Calato in un paesaggio desertico paradossalmente freddo e asettico (siamo a Reno, Nevada), il film racconta dell’incontro tra due uomini. Martin Bonner, pacato ex manager di una struttura ecclesiastica e reduce da una crisi esistenziale, lavora ora in un programma di reinserimento nella società di carcerati promosso da una chiesa metodista; ama l’arte, la musica e la lettura, che lo consolano della lontananza dai due figli. Travis Holloway esce di prigione dopo dodici lunghi anni, per scoprire che la tanto attesa libertà significa soprattutto dover ricominciare da zero da soli, fare i conti con la zavorra di un rimorso inestinguibile, ricucire i rapporti con la figlia.

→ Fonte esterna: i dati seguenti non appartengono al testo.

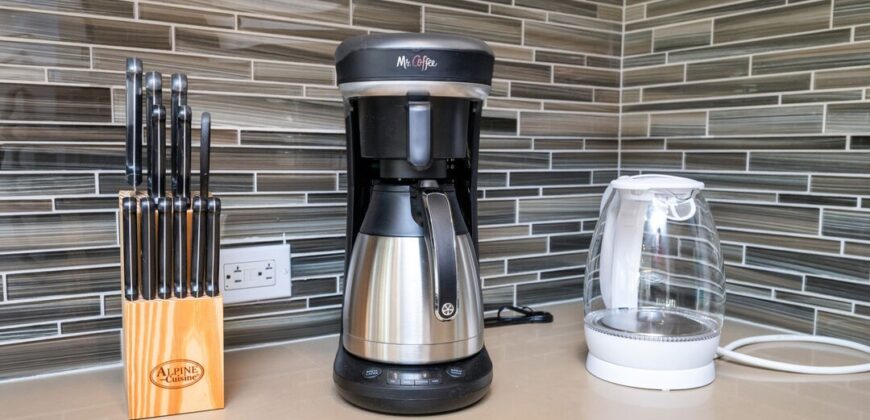 Bedford Suites Unit #102 – Available for RENT! 1070 S. Bedford St., Los Angeles, CA 90035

Tra due personalità tanto diverse nasce inaspettatamente un’intesa e un’amicizia spontanea: l’uno sarà ancora di salvezza per l’altro.

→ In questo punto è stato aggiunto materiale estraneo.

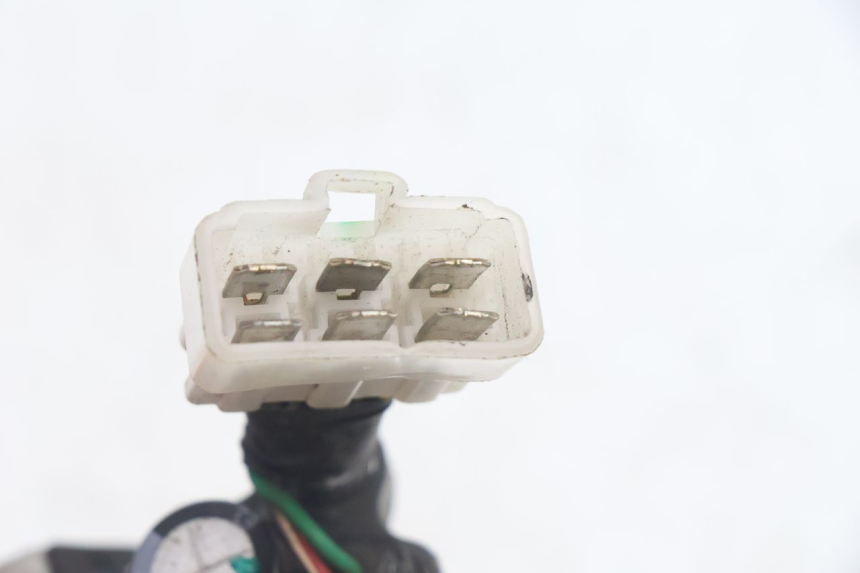 photo de REGULATOR PIAGGIO LIBERTY IGET 4T 50 (2021 - 2025) - Alternative perspective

Non succede quasi nulla in questo piccolissimo film girato da Hartigan in buona parte grazie al crowdfunding raccolto sulla piattaforma Kickstarter (consuetudine sempre più diffusa presso le produzioni indipendenti americane): ma in quel “quasi nulla” c’è l’incontro tra due solitudini alle prese con il proprio bilancio esistenziale, l’incomunicabilità della società contemporanea, la difficoltà dell’essere genitori.

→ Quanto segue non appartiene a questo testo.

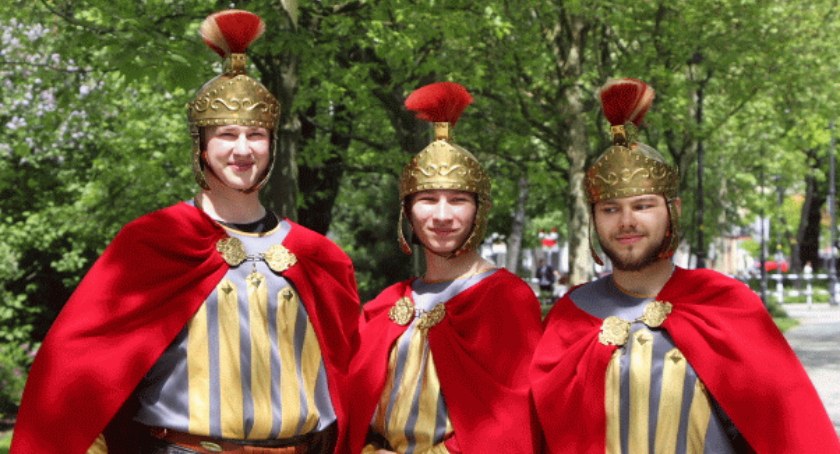 To nie legioniści rzymscy a maturzyści w strojach na egzamin z historii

Meravigliosamente interpretato dai due protagonisti Paul Eenhoorn e Richmond Arquette, accompagnato da una soundtrack intensa e coinvolgente, This Is Martin Bonner difficilmente vedrà il buio delle sale italiane: intanto, dalla kermesse torinese, se ne sta lì a dirci che il cinema indie a stelle e strisce gode ancora di ottima salute.